An individual who receives benefits to which that individual is not entitled is liable for repayment of the amount overpaid. ESD may waive overpayments if the overpayment was not the fault of the claimant and full recovery would be against equity and good conscience.

Summary of Bill (Recommended Amendments): An individual who makes a false statement or representation in an attempt to obtain UC benefits is subject to an additional penalty of 15 percent of the amount of benefits overpaid or deemed overpaid. This additional penalty, as well as the first 15 percent of the penalty imposed on repeat offenders, is deposited in the UI trust fund.

An employer may not be granted benefit charge relief for benefit payments if:

A pattern exists if the employer failed to respond without good cause leading to the payment of benefits at least three times in the previous two years, or on at least 20 percent of the current claims against the employer.

For employers that use agents, the actions of the agent count when determining whether the employer has a pattern of failing to respond.

When determining whether collection of an overpayment would be against equity and good conscience, ESD must consider whether the employer or their agent failed to respond timely or adequately to a written request for information relating to the claim without good cause.

EFFECT OF CHANGES MADE BY COMMERCE & LABOR COMMITTEE (Recommended Amendments): The committee striking amendment requires a pattern of failures to respond to information requests without good cause before benefit charge relief will be withheld from the employer. A pattern is three occurrences in the previous two years or on at least 20 percent of the current claims against the employer.

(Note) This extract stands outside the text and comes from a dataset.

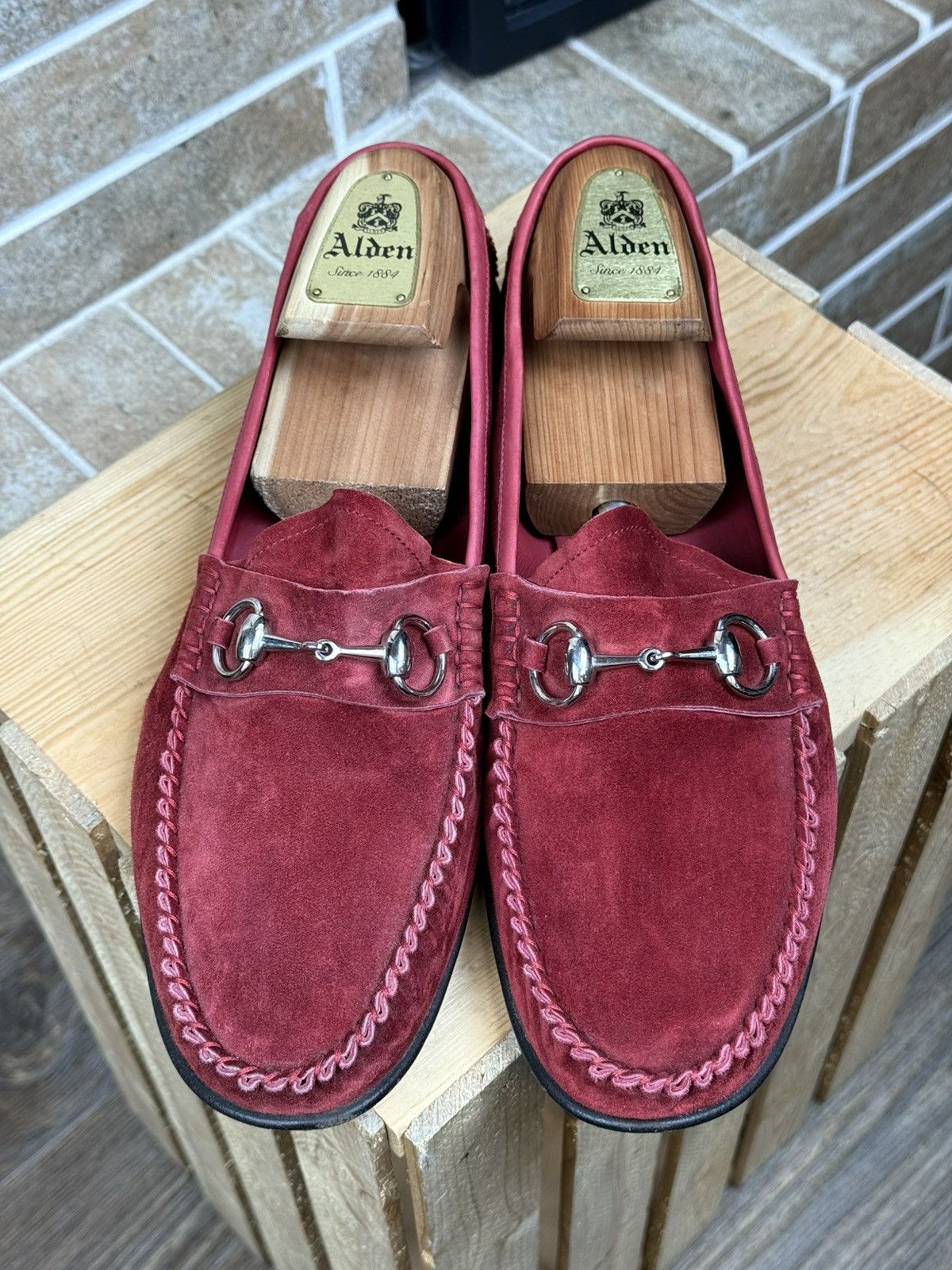 Gucci Gucci Horsebit 1953 Red Suede Loafers Shoes Size EU43 US10 Size US 10 / EU 43 - 7 Thumbnail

The amendment also provides that when determining whether to grant an overpayment waiver, ESD must consider whether the employer or their agent failed to respond timely or adequately to a written request for information without good cause.

Appropriation: None.

Fiscal Note: Available.

Committee/Commission/Task Force Created: No.

Effective Date: The bill takes effect on October 20, 2013.

Staff Summary of Public Testimony on Engrossed House Bill: PRO: This is a federal conformity bill. Two penalties can be imposed for failure to be in conformity, the employer tax credits and ESD's administrative funding. ESD's position was to work with stakeholders, primarily with employers on the employer piece. The goal is a bill to bring Washington into conformity with federal law. ESD defers to the Legislature to make the policy choice. Both this bill and the companion would bring the state into conformity, and this is the last session it can get done. A bill is needed, one way or the other.

CON: The bill was amended late on the floor. The original language regarding the employer pattern was well negotiated with ESD and the business community. This version of the bill wipes out that piece of the bill and makes it a one-strike penalty. Federal law requires a penalty of no relief of benefit charges for employers with a pattern of not responding; one time should not constitute a pattern. Employers should not be penalized if they inadvertently fail to respond. There also may be some legitimate reasons for failure to respond. The bill was agreed to, now it is not. If an employer misses a deadline, they will be charged for the overpayment.

Persons Testifying: PRO: Neil Gorrell, ESD.

CON: Tom Kwieciak, Building Industry Assn. of WA; Kris Tefft, Assn. of WA Business; Patrick Connor, National Federation of Independent Business.